The decision is a severe blow to a case brought in 1999 by some of the nation's most prominent antitrust lawyers, who accuse Monsanto and other big agricultural seed makers of trying to control the market in GM seeds in the 1990's.
Judge Rodney W. Sippel of Federal District Court in St Louis (Monsanto1s home town) wrote in a 20-page ruling that the plaintiffs had not provided "common evidence" to show that a broad class of farmers had been affected by the conspiracy described in the suit.
Judge Sippel sided with the companies, who argued in April that the pricing data for seeds was so varied, complicated and tied to geography, seed types and other conditions that there seemed no way to prove that a large group of farmers were affected.

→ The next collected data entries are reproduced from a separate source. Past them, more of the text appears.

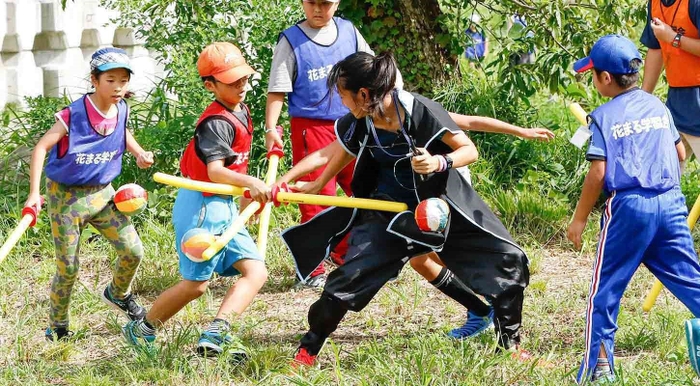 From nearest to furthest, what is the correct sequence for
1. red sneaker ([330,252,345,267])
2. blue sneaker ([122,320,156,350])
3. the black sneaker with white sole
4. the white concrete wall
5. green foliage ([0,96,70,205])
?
blue sneaker ([122,320,156,350]), the black sneaker with white sole, red sneaker ([330,252,345,267]), green foliage ([0,96,70,205]), the white concrete wall

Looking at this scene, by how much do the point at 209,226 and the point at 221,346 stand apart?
1.74 feet

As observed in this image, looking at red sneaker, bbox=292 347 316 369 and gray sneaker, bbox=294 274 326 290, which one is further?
gray sneaker, bbox=294 274 326 290

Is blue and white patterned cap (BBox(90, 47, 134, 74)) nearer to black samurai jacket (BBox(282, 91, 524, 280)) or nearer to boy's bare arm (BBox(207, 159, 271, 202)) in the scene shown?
boy's bare arm (BBox(207, 159, 271, 202))

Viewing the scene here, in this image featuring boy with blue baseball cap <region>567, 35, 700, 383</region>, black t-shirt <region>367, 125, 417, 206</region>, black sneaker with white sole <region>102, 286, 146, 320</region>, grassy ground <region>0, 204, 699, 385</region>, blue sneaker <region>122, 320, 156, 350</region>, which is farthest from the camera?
black sneaker with white sole <region>102, 286, 146, 320</region>

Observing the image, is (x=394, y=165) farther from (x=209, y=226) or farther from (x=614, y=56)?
(x=614, y=56)

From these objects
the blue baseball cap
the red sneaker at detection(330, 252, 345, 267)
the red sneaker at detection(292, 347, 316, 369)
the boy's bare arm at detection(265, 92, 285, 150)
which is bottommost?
the red sneaker at detection(330, 252, 345, 267)

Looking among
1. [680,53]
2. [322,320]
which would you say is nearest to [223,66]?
A: [322,320]

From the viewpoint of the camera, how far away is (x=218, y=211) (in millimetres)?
5043

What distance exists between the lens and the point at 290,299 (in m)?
6.16

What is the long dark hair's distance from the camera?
15.1 ft

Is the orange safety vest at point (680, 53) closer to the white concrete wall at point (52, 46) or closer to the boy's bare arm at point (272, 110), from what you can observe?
the boy's bare arm at point (272, 110)

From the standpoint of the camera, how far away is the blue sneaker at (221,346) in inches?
191

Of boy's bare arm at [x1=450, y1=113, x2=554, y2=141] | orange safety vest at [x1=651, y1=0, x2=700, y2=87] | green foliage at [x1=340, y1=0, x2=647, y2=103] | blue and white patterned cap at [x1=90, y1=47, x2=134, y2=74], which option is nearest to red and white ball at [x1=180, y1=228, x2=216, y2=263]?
blue and white patterned cap at [x1=90, y1=47, x2=134, y2=74]

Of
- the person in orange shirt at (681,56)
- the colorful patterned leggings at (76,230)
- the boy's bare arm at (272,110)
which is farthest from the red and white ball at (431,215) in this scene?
the person in orange shirt at (681,56) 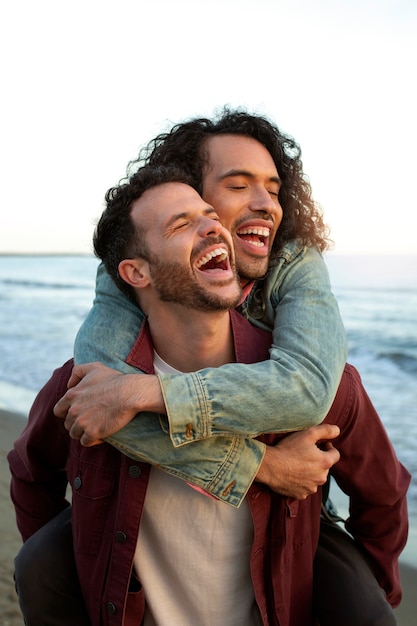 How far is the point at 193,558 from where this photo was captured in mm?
2398

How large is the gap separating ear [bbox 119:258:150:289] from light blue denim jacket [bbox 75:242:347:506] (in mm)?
215

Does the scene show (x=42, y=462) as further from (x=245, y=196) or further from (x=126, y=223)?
(x=245, y=196)

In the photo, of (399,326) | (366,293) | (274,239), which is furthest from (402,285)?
(274,239)

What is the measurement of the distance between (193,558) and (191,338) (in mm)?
784

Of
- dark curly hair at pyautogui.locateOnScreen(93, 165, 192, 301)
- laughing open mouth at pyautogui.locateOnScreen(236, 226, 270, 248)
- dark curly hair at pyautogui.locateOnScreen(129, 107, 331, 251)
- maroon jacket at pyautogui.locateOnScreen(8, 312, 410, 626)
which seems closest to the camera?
maroon jacket at pyautogui.locateOnScreen(8, 312, 410, 626)

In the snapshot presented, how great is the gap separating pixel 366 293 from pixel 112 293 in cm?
1752

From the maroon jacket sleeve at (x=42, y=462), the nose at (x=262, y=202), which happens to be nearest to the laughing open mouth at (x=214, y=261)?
the nose at (x=262, y=202)

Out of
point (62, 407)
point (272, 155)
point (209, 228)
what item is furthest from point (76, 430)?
point (272, 155)

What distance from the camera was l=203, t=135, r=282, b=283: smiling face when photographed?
2.83 metres

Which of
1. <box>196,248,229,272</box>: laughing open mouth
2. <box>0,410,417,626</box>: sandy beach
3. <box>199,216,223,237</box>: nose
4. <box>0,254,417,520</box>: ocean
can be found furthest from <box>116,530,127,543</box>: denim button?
<box>0,254,417,520</box>: ocean

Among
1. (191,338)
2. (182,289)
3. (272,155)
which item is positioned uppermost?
(272,155)

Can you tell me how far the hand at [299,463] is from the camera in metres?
2.32

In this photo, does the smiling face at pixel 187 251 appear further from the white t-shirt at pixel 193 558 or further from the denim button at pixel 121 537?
the denim button at pixel 121 537

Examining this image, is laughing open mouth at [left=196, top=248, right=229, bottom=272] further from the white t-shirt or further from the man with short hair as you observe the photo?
the white t-shirt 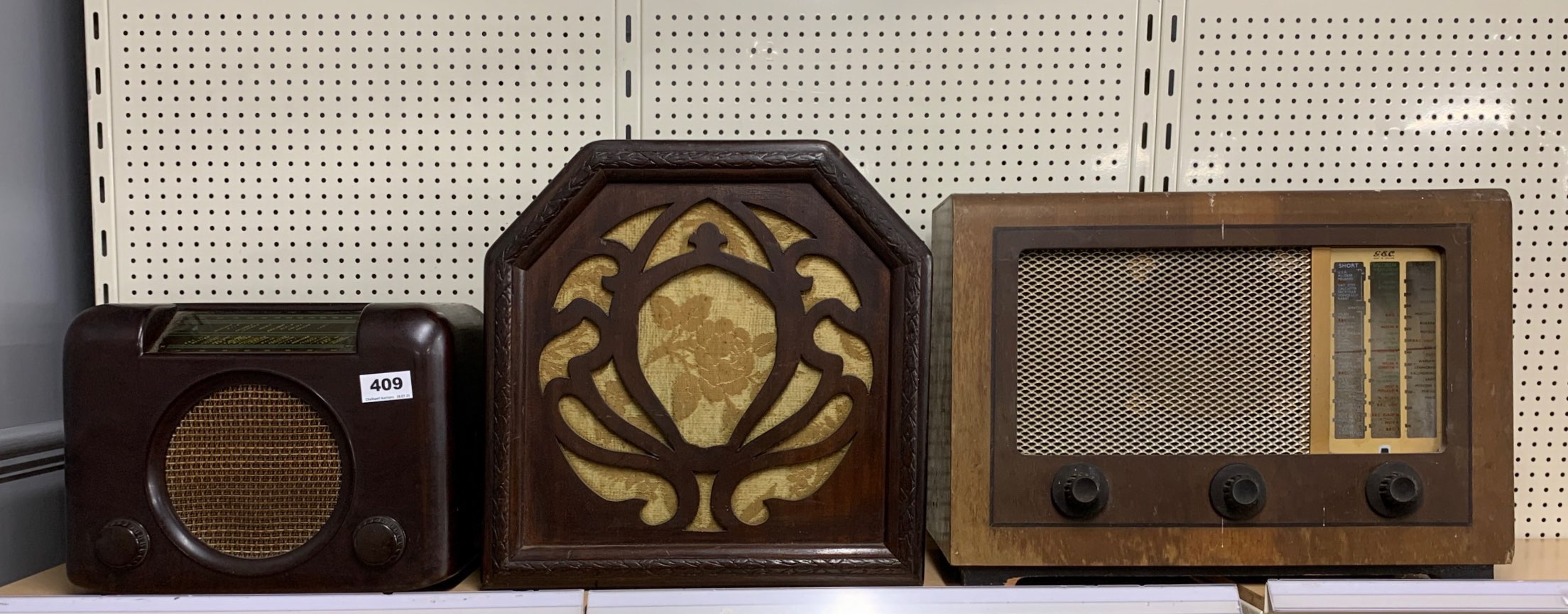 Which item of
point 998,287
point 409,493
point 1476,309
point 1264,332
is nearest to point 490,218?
point 409,493

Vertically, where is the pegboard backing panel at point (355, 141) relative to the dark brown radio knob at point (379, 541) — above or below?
above

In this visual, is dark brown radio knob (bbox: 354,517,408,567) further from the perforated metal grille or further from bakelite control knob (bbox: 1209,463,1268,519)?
bakelite control knob (bbox: 1209,463,1268,519)

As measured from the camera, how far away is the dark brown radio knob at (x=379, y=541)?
77 cm

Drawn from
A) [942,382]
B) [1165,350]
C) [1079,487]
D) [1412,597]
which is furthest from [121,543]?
[1412,597]

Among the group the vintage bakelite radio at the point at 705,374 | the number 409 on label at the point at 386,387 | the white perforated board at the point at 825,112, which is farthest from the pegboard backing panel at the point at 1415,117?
the number 409 on label at the point at 386,387

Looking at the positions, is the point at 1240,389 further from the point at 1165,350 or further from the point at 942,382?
the point at 942,382

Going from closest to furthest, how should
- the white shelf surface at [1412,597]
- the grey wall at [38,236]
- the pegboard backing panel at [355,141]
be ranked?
the white shelf surface at [1412,597] < the grey wall at [38,236] < the pegboard backing panel at [355,141]

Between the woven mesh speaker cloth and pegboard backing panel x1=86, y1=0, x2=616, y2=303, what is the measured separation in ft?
1.04

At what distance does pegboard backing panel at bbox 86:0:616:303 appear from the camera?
1.06m

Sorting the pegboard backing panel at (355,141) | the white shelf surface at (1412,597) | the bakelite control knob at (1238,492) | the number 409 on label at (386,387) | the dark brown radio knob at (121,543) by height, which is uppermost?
the pegboard backing panel at (355,141)

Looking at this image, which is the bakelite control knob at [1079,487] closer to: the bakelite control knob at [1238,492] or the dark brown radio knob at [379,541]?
the bakelite control knob at [1238,492]

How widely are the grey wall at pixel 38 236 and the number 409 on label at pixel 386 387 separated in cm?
51

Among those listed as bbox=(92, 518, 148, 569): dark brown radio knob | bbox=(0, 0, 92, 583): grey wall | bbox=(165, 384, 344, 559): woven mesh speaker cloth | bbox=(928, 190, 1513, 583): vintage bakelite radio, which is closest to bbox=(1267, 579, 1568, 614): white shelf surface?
bbox=(928, 190, 1513, 583): vintage bakelite radio

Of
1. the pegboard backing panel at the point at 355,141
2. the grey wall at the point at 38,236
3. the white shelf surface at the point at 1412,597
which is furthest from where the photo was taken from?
the pegboard backing panel at the point at 355,141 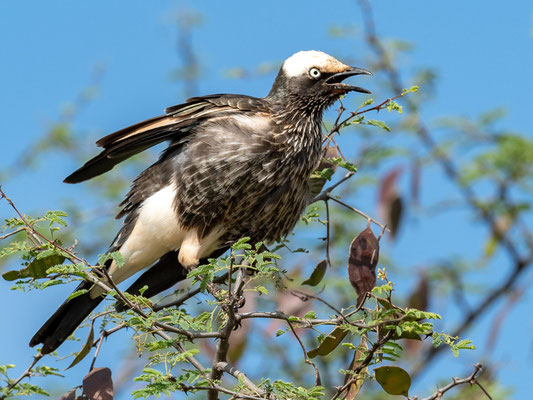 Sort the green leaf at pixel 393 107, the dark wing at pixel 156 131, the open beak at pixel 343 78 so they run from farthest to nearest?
the open beak at pixel 343 78 < the dark wing at pixel 156 131 < the green leaf at pixel 393 107

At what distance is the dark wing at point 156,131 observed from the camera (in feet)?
14.1

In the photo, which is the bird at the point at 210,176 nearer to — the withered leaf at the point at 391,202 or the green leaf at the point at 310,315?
the withered leaf at the point at 391,202

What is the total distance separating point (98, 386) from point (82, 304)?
3.22 ft

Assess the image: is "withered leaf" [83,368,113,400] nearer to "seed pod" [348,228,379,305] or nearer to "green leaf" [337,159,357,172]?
"seed pod" [348,228,379,305]

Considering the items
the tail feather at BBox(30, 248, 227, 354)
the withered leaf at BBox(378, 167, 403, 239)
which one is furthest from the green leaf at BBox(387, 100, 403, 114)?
the withered leaf at BBox(378, 167, 403, 239)

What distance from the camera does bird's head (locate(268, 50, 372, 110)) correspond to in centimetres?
470

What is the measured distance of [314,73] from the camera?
15.6 feet

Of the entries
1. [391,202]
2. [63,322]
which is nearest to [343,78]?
[391,202]

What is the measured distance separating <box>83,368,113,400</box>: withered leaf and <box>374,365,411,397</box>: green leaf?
3.59 feet

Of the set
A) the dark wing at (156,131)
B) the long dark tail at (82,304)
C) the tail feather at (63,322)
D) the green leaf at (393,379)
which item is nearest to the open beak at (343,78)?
the dark wing at (156,131)

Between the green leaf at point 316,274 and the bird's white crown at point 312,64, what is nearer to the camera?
the green leaf at point 316,274

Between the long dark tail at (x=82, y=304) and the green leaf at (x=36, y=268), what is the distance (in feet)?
2.27

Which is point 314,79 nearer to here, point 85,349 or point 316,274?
point 316,274

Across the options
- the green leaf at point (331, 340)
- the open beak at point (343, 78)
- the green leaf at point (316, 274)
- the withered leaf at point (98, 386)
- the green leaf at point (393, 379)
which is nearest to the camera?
the green leaf at point (393, 379) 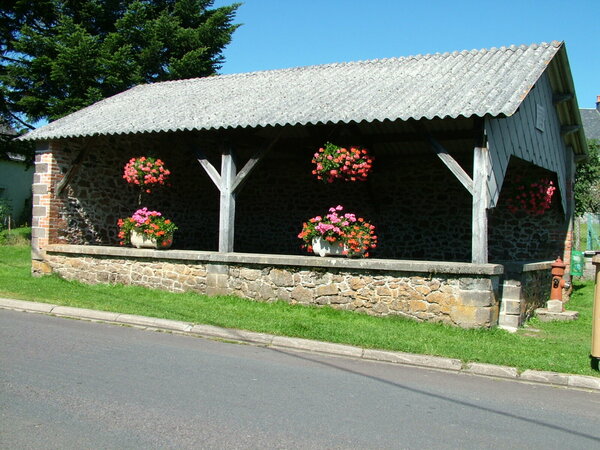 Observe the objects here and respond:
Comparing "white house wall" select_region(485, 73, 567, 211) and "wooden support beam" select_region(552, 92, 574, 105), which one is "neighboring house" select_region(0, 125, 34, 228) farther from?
"wooden support beam" select_region(552, 92, 574, 105)

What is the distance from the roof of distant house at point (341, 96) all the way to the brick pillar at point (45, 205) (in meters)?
0.49

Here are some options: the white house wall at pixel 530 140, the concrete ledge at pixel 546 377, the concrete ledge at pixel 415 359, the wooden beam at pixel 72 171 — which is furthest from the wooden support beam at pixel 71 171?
the concrete ledge at pixel 546 377

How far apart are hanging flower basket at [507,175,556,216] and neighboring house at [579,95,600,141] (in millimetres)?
20979

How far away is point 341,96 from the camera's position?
35.0ft

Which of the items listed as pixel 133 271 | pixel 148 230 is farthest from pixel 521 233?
pixel 133 271

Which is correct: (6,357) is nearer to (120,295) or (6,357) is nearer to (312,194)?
(120,295)

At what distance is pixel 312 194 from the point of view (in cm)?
1491

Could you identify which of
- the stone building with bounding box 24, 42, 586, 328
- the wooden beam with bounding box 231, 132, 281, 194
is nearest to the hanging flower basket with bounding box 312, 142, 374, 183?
the stone building with bounding box 24, 42, 586, 328

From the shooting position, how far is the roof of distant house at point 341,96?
9.20 metres

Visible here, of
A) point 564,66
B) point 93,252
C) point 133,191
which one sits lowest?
point 93,252

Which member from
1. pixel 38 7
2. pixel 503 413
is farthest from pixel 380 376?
pixel 38 7

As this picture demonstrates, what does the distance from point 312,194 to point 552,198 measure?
18.0 ft

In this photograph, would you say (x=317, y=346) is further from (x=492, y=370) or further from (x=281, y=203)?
(x=281, y=203)

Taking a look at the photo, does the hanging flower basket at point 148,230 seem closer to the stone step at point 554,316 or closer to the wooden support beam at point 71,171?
the wooden support beam at point 71,171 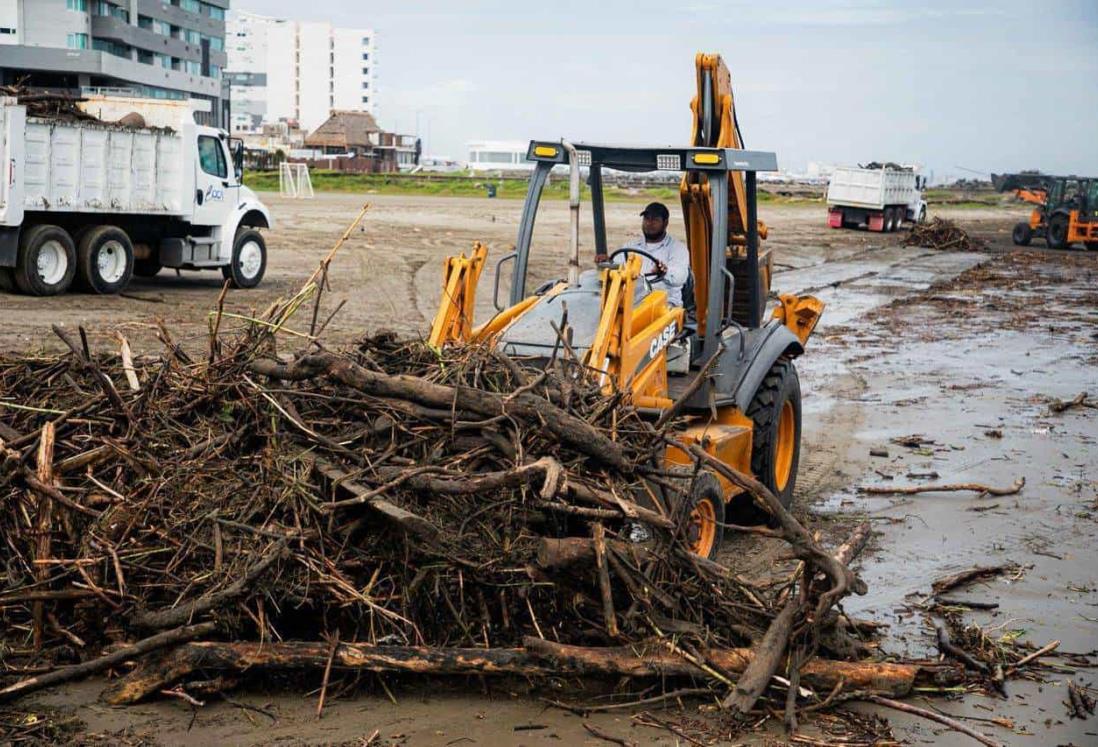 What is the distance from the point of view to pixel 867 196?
45.8 m

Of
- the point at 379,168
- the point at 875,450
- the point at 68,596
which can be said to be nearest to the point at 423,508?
the point at 68,596

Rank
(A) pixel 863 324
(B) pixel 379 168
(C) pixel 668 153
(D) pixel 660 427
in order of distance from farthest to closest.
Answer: (B) pixel 379 168 < (A) pixel 863 324 < (C) pixel 668 153 < (D) pixel 660 427

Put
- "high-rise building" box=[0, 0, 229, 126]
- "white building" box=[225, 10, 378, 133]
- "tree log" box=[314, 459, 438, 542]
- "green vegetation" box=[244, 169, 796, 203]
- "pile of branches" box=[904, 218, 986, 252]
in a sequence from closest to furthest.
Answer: "tree log" box=[314, 459, 438, 542]
"pile of branches" box=[904, 218, 986, 252]
"green vegetation" box=[244, 169, 796, 203]
"high-rise building" box=[0, 0, 229, 126]
"white building" box=[225, 10, 378, 133]

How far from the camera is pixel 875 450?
11016mm

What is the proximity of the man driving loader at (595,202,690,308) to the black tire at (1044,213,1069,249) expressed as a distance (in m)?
35.8

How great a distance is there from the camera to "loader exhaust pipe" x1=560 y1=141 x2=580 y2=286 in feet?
23.7

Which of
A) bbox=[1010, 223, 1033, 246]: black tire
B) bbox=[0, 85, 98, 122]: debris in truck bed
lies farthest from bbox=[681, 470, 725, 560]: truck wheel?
bbox=[1010, 223, 1033, 246]: black tire

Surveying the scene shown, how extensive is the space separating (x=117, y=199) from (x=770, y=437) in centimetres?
1306

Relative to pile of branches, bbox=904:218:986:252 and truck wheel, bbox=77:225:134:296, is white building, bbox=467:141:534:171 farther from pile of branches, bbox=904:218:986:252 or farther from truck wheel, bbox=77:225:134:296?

The lawyers who brought the antitrust suit on behalf of a group of farmers said they planned to appeal. Richard Lewis, a lawyer at Cohen, Milstein, Hausfeld & Toll, the law firm that filed the suit, said, "The allegations of wrong doing remain, and this opinion says nothing whatsoever about those allegations.'
Just a week ago, Judge Sippel ruled that the antitrust case could go forward. But he dismissed a part of the class-action suit that sought relief for farmers who lost money after some export markets were closed to GM crops.
The lawyers who filed suit, however, have argued in court that they have already seen internal records from the seed companies that show that a conspiracy took place.